Posted: Mon Apr 27, 2015 4:32 am
by Velko
darkinsanity wrote:Another problem that bothers me is, when and how do I clean up threads? When a thread exits, the kernel uses the kernel-stack of the thread, so I can't immediately free it. But when do I do it, then?
My approach is to put thread into PENDING_CLEANUP state and switch away from it, like if thread's time-slice was used up. But, as long as scheduling algorithm is concerned, PENDING_CLEANUP is no different from RUNNABLE.

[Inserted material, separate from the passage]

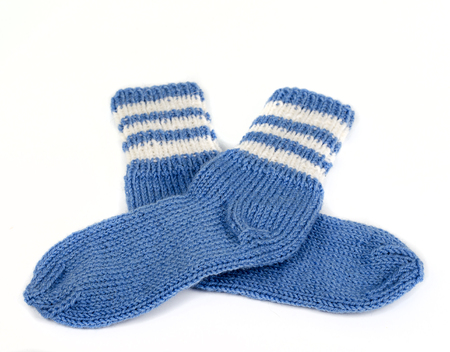 knitted socks from woolen thread and on white backgroundの写真素材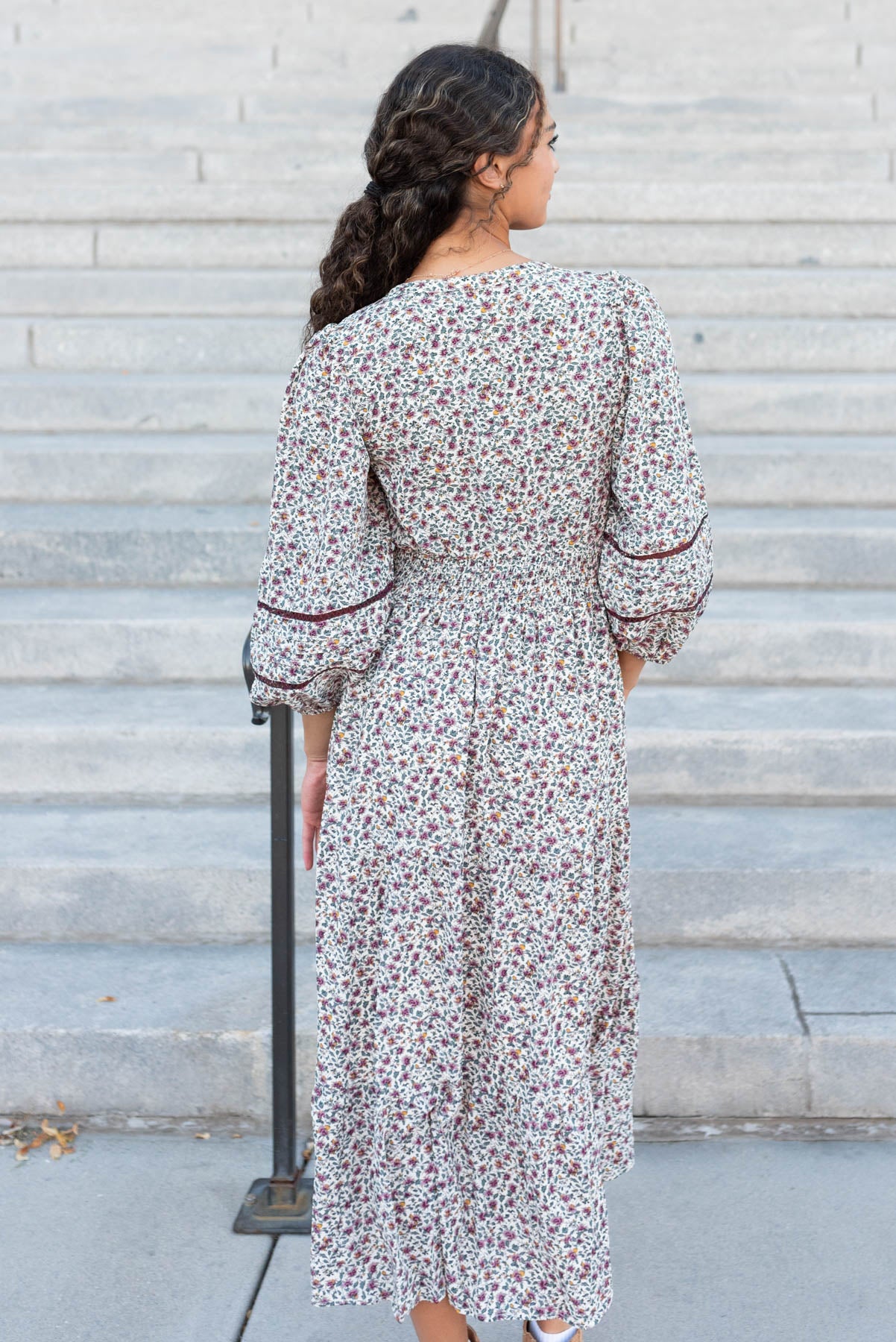 Back view of the burgundy floral dress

Eventually scheduler selects the thread again, but instead of switching to it, cleanup is performed.

Re: Stack management

Posted: Tue May 05, 2015 8:16 pm
by darkinsanity
gerryg400 wrote:When my kernel allocates a user stack for a thread it calls the same function in my kernel that mmap eventually calls. In other words the allocated memory looks to the thread just like any memory that it had allocated itself. My mmap has an option MAP_GUARD to put a guard page at the bottom of the stack. The kernel uses his when it allocates a stack for the thread.
That sounds reasonable. But how does your function decide where to place the stack? At the moment, my kernel has no infrastructure for managing userspace memory besides pagetables.
I'm currently thinking about using a doubly-linked list of structs describing memory areas (probably using page-granularity). When memory is allocated (via malloc or for a stack), I'd simply search the list for a free place and add it there. When allocating a stack, I'd search the list backwards, to keep the stacks away from heap allocations.
Implementation should be fairly easy, but I'm worried about efficiency, especially because I'm using popup-threads and thus need fast thread-spawning and stack allocation.

Re: Stack management

Posted: Tue May 05, 2015 11:57 pm
by iansjack
Why not allocate a page (or pages) for your user stack and map it to the same address for each process? You can always grow the stack, via a page fault, if needs be.

Re: Stack management

Posted: Wed May 06, 2015 1:36 pm
by gerryg400
darkinsanity wrote:
gerryg400 wrote:When my kernel allocates a user stack for a thread it calls the same function in my kernel that mmap eventually calls. In other words the allocated memory looks to the thread just like any memory that it had allocated itself. My mmap has an option MAP_GUARD to put a guard page at the bottom of the stack. The kernel uses his when it allocates a stack for the thread.
That sounds reasonable. But how does your function decide where to place the stack? At the moment, my kernel has no infrastructure for managing userspace memory besides pagetables.
I'm currently thinking about using a doubly-linked list of structs describing memory areas (probably using page-granularity). When memory is allocated (via malloc or for a stack), I'd simply search the list for a free place and add it there. When allocating a stack, I'd search the list backwards, to keep the stacks away from heap allocations.
Implementation should be fairly easy, but I'm worried about efficiency, especially because I'm using popup-threads and thus need fast thread-spawning and stack allocation.
I use that method. I have a doubly linked list of mapping structures. The mm just finds a space and inserts a new structure. I don't bother with going backwards since there will be multiple threads in the process although it might help keep the heap contiguous. I'm also not too worried about speed at this point.

Later if you find that speed is an issue you could keep a small cache of stacks available in each process and only release stacks if they are not re-used quickly.